# Assigned task:
Look in the material below for the line with "Hello everyone, today" and the line with "Thank you for", then set down exactly those two lines and all lines between, nothing more.

# Task input:

##########

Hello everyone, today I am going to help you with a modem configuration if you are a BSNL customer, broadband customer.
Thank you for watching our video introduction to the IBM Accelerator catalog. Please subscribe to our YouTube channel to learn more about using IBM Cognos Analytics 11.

##########

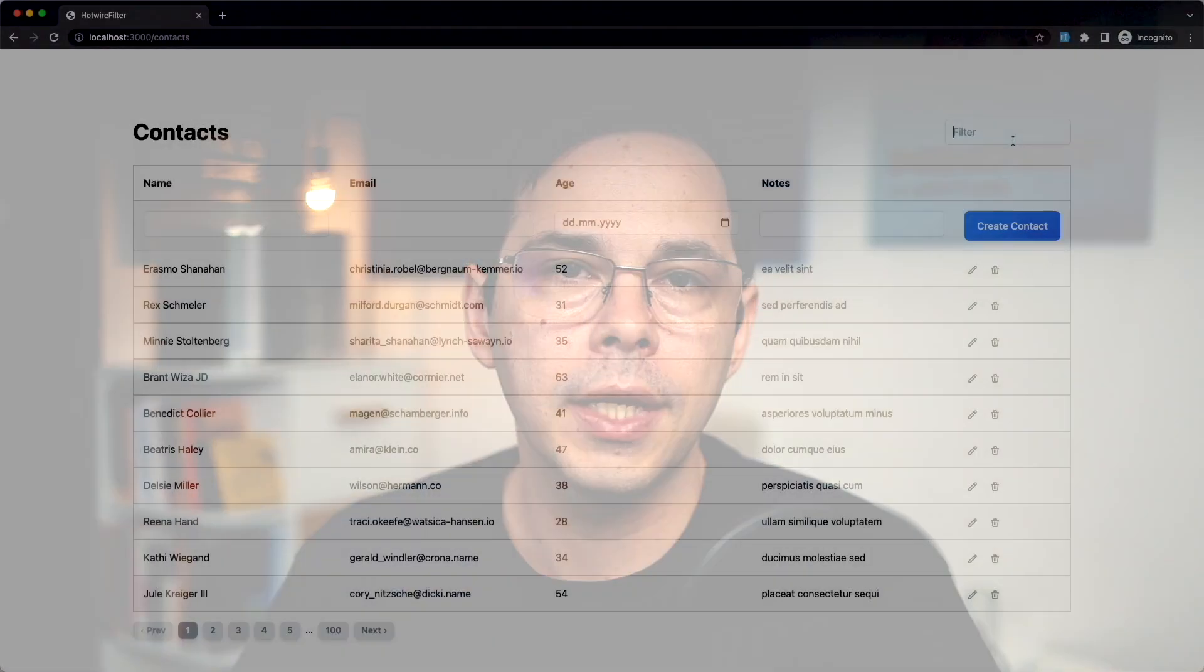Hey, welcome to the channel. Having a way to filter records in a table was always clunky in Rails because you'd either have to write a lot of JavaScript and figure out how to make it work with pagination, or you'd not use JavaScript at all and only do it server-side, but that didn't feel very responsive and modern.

##########

# Written response:
Hello everyone, today I am going to help you with a modem configuration if you are a BSNL customer, broadband customer.
Thank you for watching our video introduction to the IBM Accelerator catalog. Please subscribe to our YouTube channel to learn more about using IBM Cognos Analytics 11.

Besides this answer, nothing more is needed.